• Exercise: Begin at the line containing "iPhone 17 Skal" and retype each line through the end of the records exactly. Include nothing else and no pictures.

Task input START

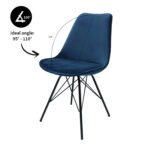 Elegant, zacht & multifunctioneel dat is de KICK kuipstoel Velvet. Een moderne eetkamerstoel, bureaustoel, bijzetstoel, of…, een heerlijke stoel met luxe uitstraling die zich in iedere ruimte thuis voelt. Dat maakt het dan ook onze ultieme topper. Met zijn velours zitting en stalen frame is onze VELVET precies wat elk interieur sfeervol en uniek maakt. Verkrijgbaar in heel veel kleuren dus mix and match voor het ultieme resultaat! Villa Laura
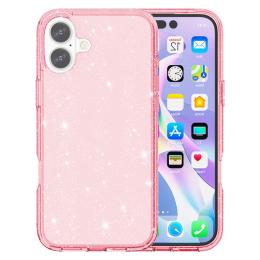  iPhone 17 Skal Hybrid Glitter Rosa - Teknikhallen.se
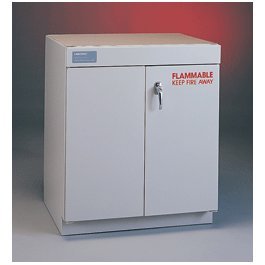 Labconco Protector 9906000 Epoxy Coated Steel Solvent Storage Cabinet with Ada-Compliant, Rgt Hinged Manual-Closing Door, 24" W x 22" D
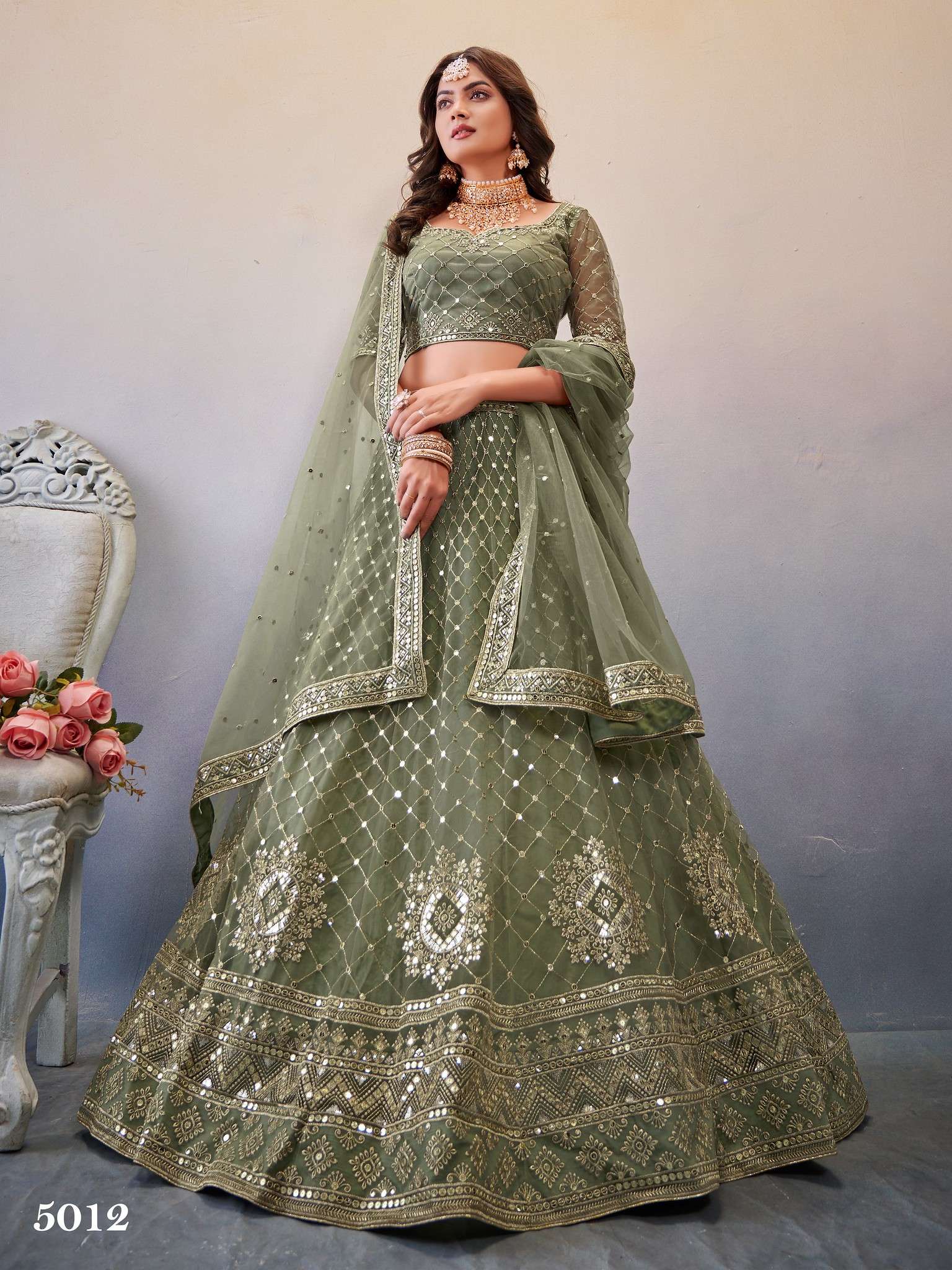 OCCATIONS VOL-4 BY ANANTESH LIFESTYLE 5012 TO 5016 SERIES BUTTERFLY NET BRIDAL LEHENGAS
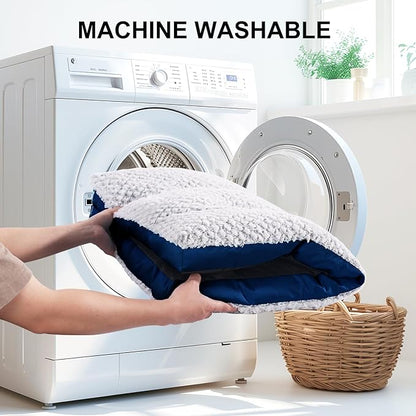 Premium Washable Dog Beds XXL Sized Dog 48 Inch 110 lbs, 48" x 30", Dark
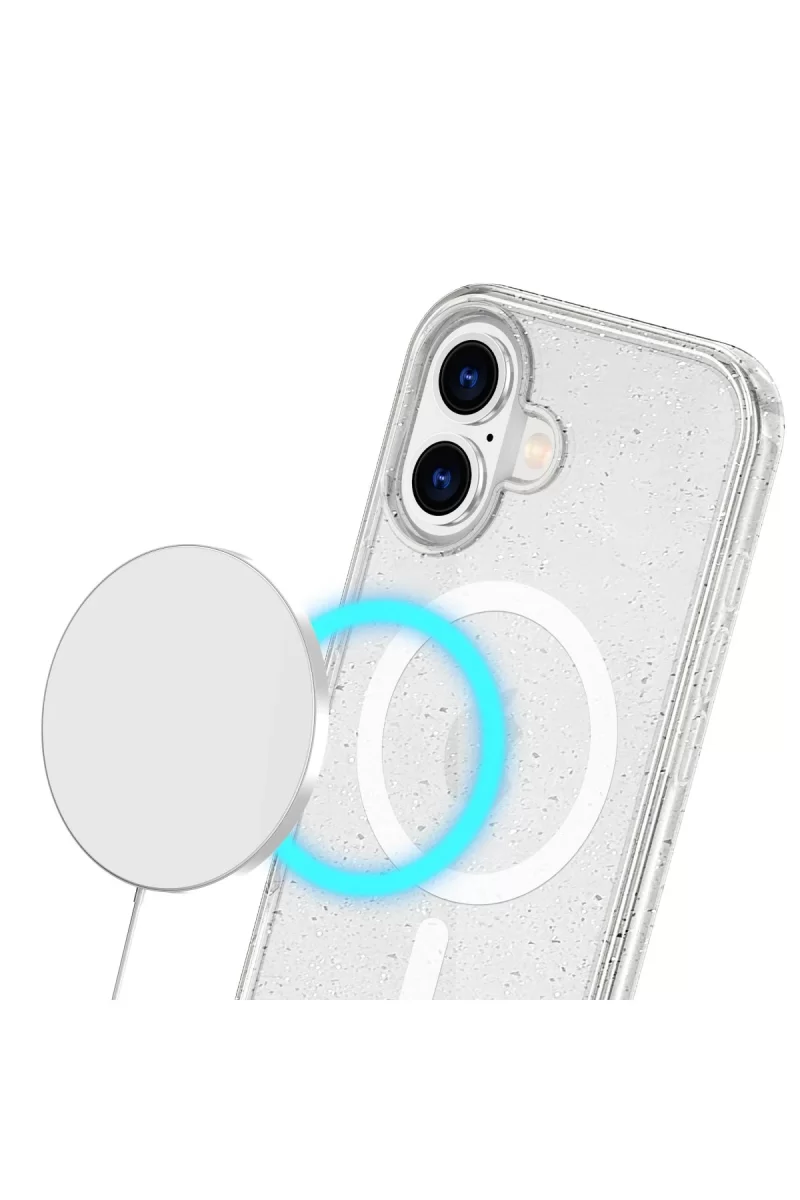 Newface Apple iPhone 16 Plus Kılıf Star Magsafe Kapak - Turuncu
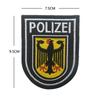 Serie Alemana Deyi Zhi Escudo de Águila Bandera Brazalete Bordado Velcro Insignia Táctica de Moral Parche de Tela Parche para Mochila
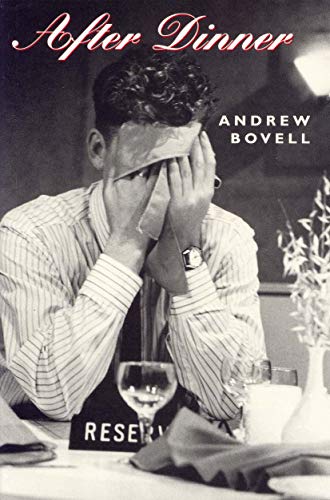 Book cover: distressed man at a restaurant table, striped shirt.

Task input END

• Reply to the task:
  iPhone 17 Skal Hybrid Glitter Rosa - Teknikhallen.se
 Labconco Protector 9906000 Epoxy Coated Steel Solvent Storage Cabinet with Ada-Compliant, Rgt Hinged Manual-Closing Door, 24" W x 22" D
 OCCATIONS VOL-4 BY ANANTESH LIFESTYLE 5012 TO 5016 SERIES BUTTERFLY NET BRIDAL LEHENGAS
 Premium Washable Dog Beds XXL Sized Dog 48 Inch 110 lbs, 48" x 30", Dark
 Newface Apple iPhone 16 Plus Kılıf Star Magsafe Kapak - Turuncu
 Serie Alemana Deyi Zhi Escudo de Águila Bandera Brazalete Bordado Velcro Insignia Táctica de Moral Parche de Tela Parche para Mochila
 Book cover: distressed man at a restaurant table, striped shirt.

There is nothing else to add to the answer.